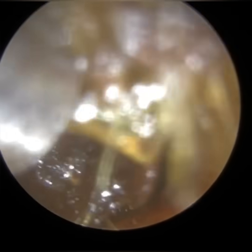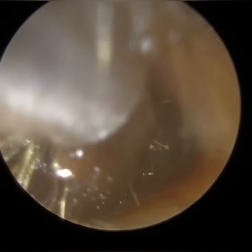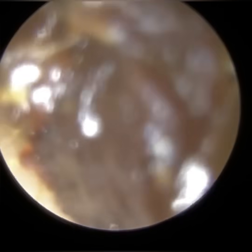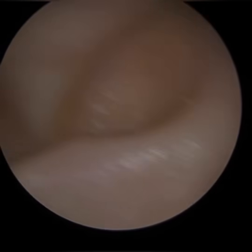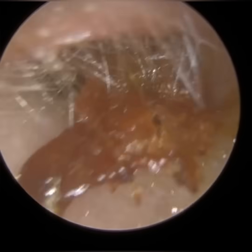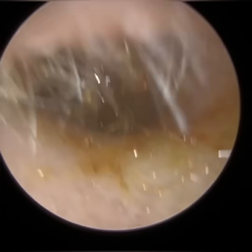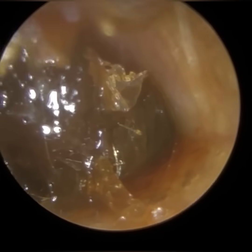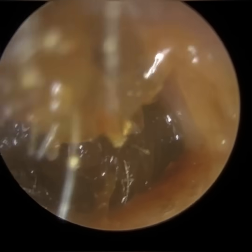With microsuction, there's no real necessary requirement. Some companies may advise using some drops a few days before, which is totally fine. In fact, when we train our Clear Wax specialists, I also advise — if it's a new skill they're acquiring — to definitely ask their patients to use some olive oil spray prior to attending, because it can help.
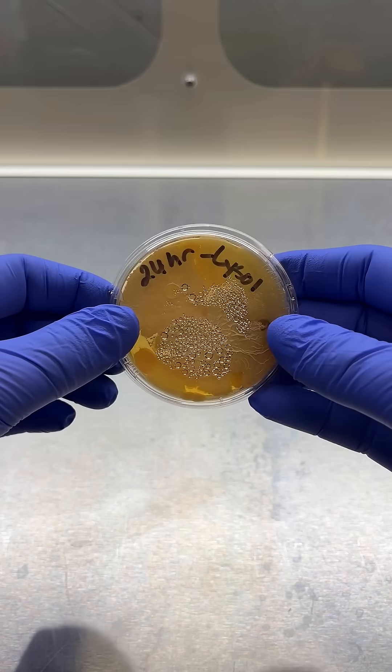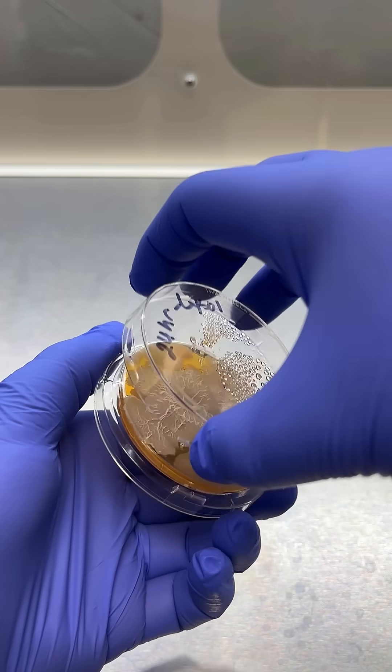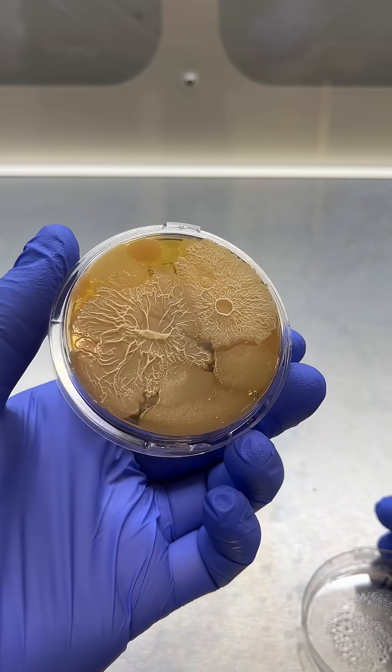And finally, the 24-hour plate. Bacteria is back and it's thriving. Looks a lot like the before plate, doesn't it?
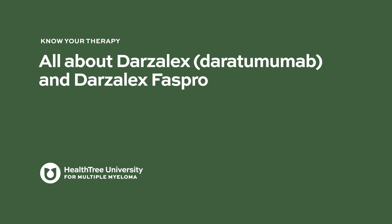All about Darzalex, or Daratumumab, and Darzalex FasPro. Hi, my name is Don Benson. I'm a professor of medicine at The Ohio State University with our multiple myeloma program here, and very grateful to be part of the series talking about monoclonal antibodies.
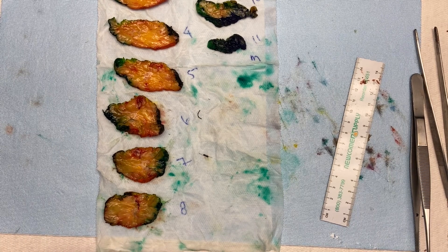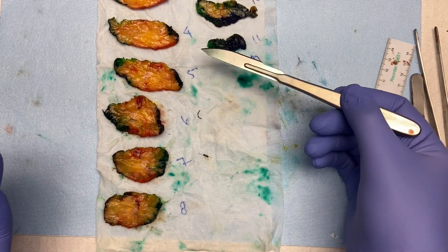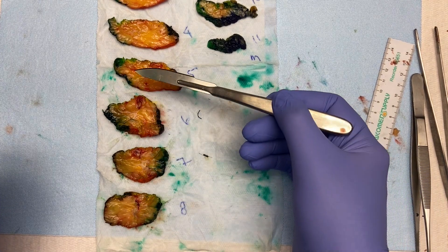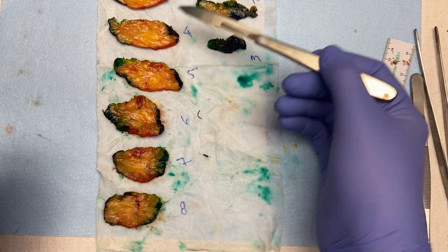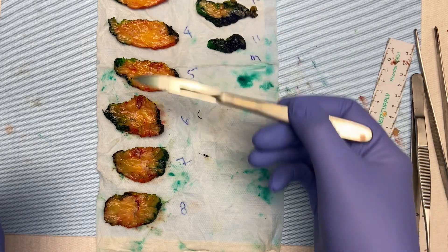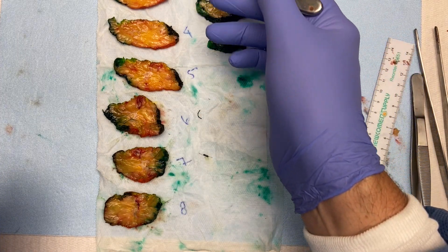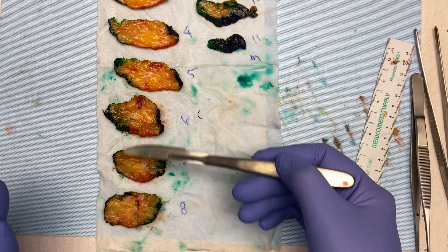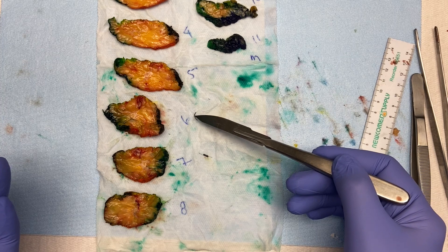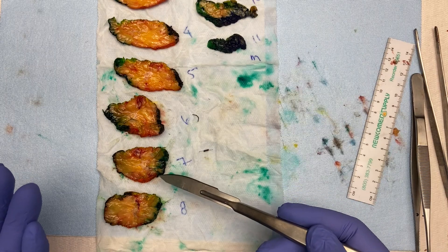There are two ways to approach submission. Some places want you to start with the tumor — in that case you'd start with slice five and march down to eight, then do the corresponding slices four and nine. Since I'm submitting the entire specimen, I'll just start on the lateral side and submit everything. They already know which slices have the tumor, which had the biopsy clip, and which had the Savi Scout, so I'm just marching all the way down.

--

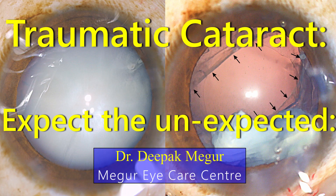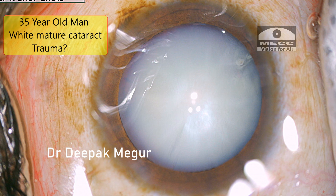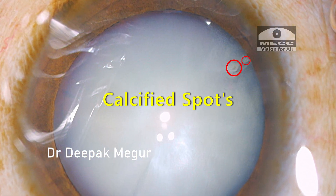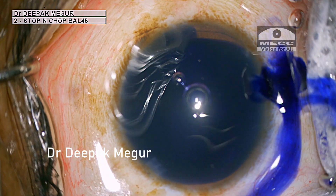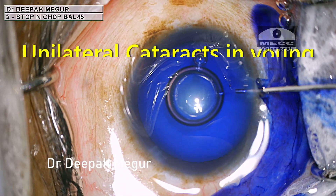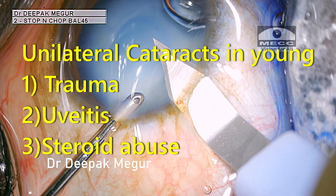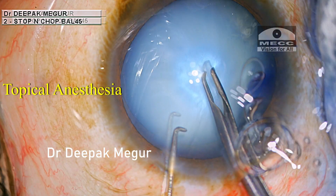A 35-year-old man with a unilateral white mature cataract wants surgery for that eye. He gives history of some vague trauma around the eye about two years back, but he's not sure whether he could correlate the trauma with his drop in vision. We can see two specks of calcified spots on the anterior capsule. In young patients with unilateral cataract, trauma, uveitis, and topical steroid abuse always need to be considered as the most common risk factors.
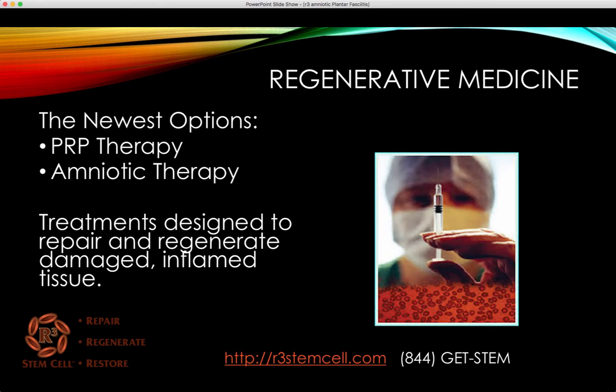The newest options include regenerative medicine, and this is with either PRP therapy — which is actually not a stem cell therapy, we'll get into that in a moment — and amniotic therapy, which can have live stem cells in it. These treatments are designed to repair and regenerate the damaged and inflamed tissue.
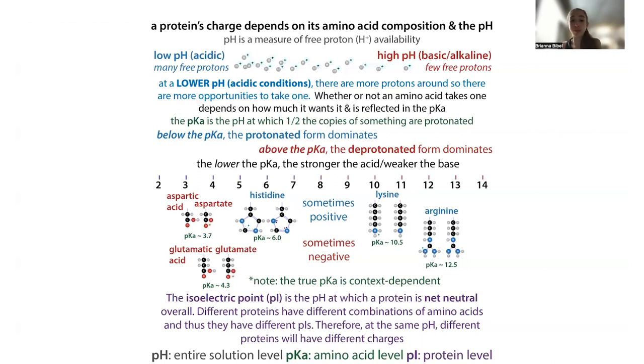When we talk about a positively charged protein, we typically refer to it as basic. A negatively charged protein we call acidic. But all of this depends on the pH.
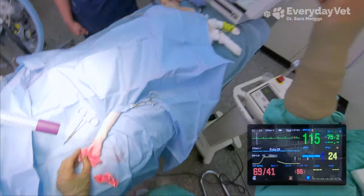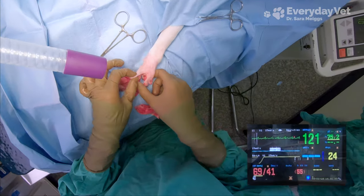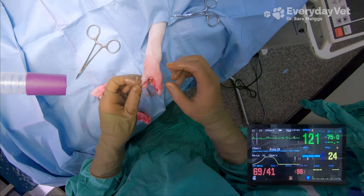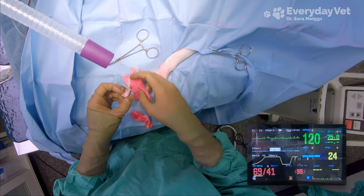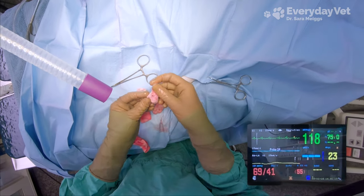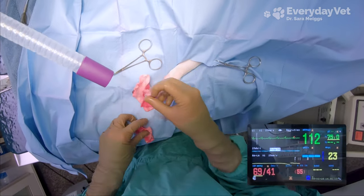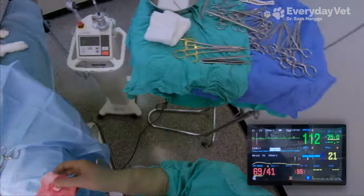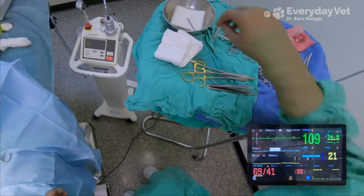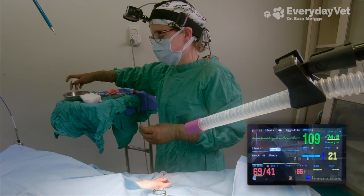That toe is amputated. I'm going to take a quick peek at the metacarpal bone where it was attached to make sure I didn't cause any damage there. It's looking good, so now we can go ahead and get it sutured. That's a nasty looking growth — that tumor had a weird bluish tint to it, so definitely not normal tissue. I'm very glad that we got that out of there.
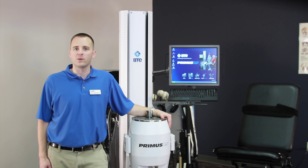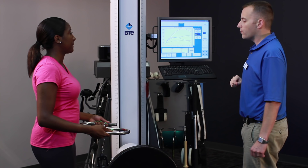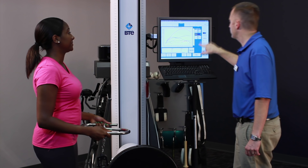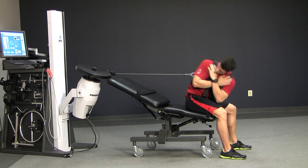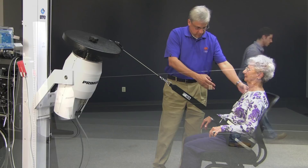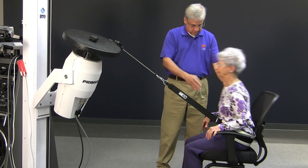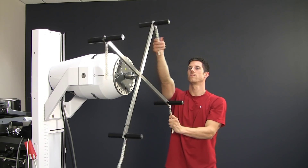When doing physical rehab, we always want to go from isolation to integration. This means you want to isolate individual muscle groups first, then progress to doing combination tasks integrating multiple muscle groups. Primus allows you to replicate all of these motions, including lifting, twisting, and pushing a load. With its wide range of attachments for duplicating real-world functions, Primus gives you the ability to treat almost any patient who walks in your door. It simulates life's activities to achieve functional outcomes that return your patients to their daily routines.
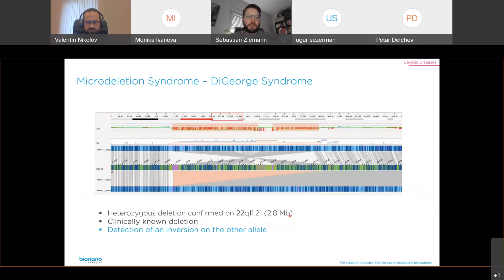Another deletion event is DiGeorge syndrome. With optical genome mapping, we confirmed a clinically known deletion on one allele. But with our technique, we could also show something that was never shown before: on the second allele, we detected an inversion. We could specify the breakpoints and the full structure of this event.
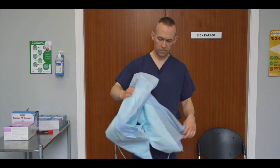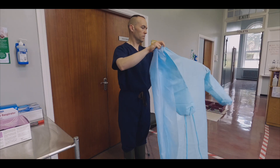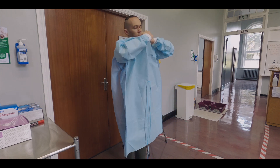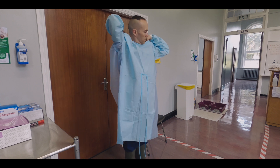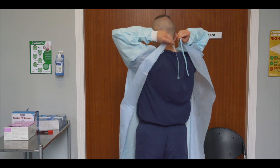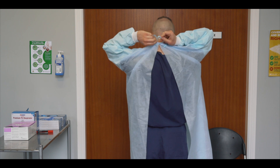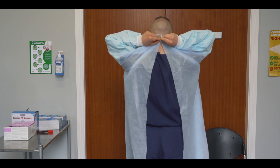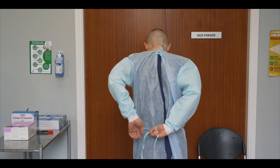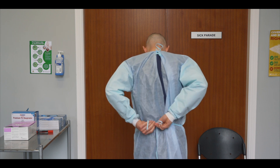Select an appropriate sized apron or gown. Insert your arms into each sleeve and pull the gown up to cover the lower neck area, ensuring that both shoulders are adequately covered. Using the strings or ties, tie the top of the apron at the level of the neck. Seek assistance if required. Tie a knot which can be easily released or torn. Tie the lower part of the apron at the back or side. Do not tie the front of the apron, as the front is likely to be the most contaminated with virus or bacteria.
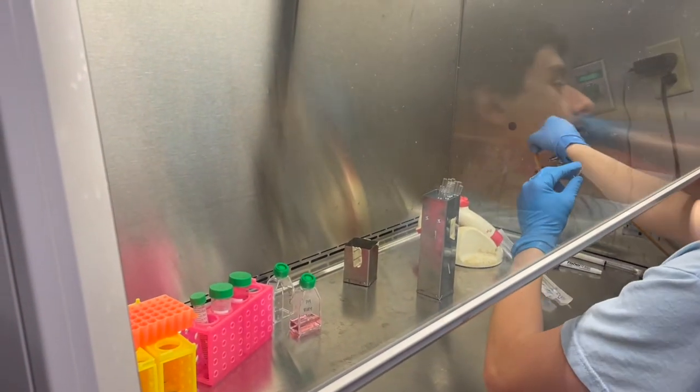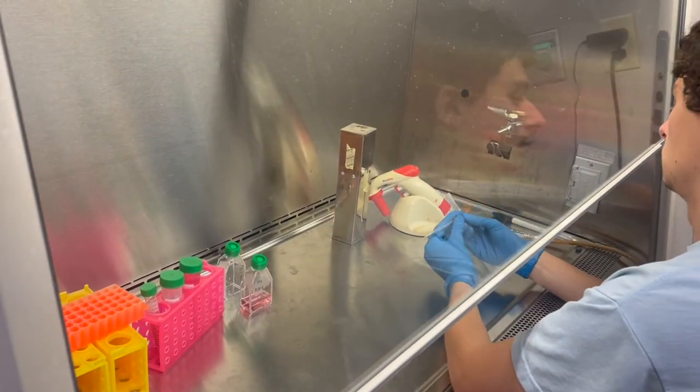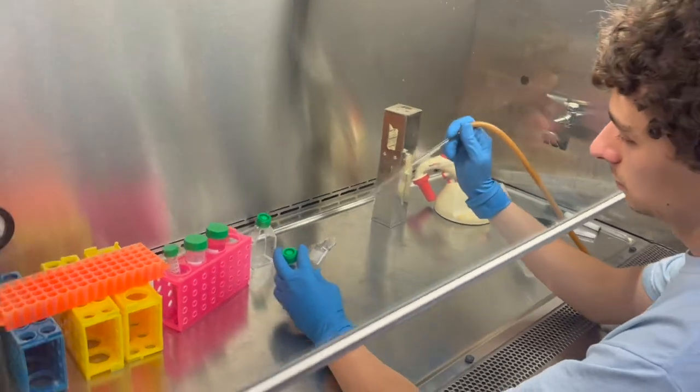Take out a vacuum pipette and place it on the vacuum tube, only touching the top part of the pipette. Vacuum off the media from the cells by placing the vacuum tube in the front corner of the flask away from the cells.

* * *

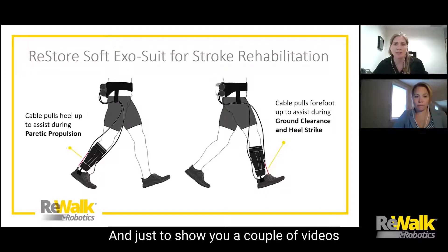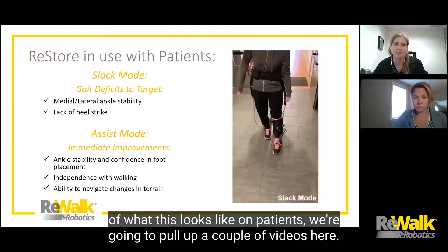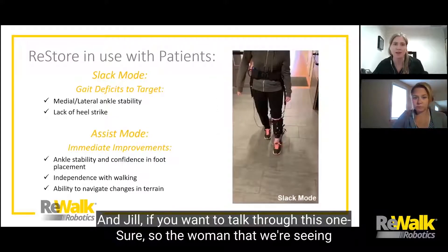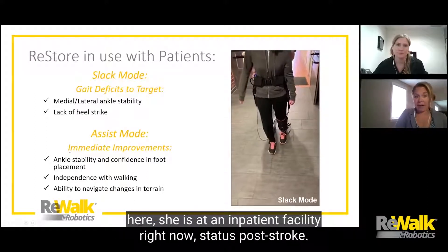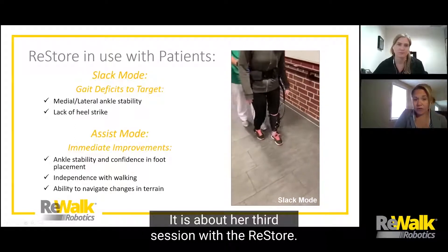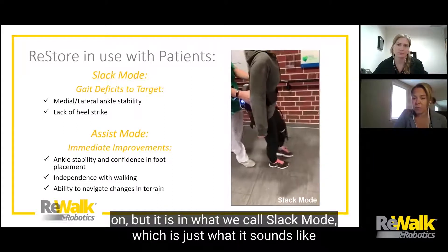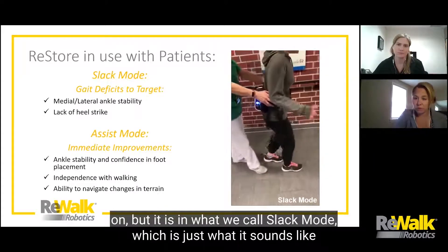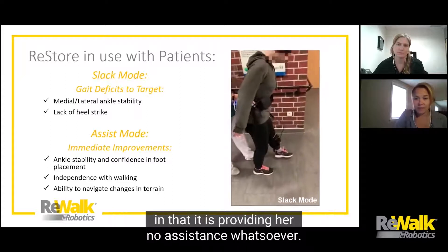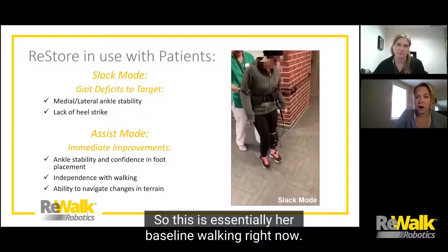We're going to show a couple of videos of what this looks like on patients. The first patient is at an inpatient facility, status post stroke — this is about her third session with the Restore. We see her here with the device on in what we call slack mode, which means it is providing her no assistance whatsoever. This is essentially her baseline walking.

▸ **PROBLEM DESCRIPTION**
Word for word, restate the lines above from the one with "Another deletion event" through the one with "Take out a vacuum", keeping both ends and dropping the pictures.

▸ **PROBLEM SOLUTION**
Another deletion event is DiGeorge syndrome. With optical genome mapping, we confirmed a clinically known deletion on one allele. But with our technique, we could also show something that was never shown before: on the second allele, we detected an inversion. We could specify the breakpoints and the full structure of this event.
Select an appropriate sized apron or gown. Insert your arms into each sleeve and pull the gown up to cover the lower neck area, ensuring that both shoulders are adequately covered. Using the strings or ties, tie the top of the apron at the level of the neck. Seek assistance if required. Tie a knot which can be easily released or torn. Tie the lower part of the apron at the back or side. Do not tie the front of the apron, as the front is likely to be the most contaminated with virus or bacteria.
Take out a vacuum pipette and place it on the vacuum tube, only touching the top part of the pipette. Vacuum off the media from the cells by placing the vacuum tube in the front corner of the flask away from the cells.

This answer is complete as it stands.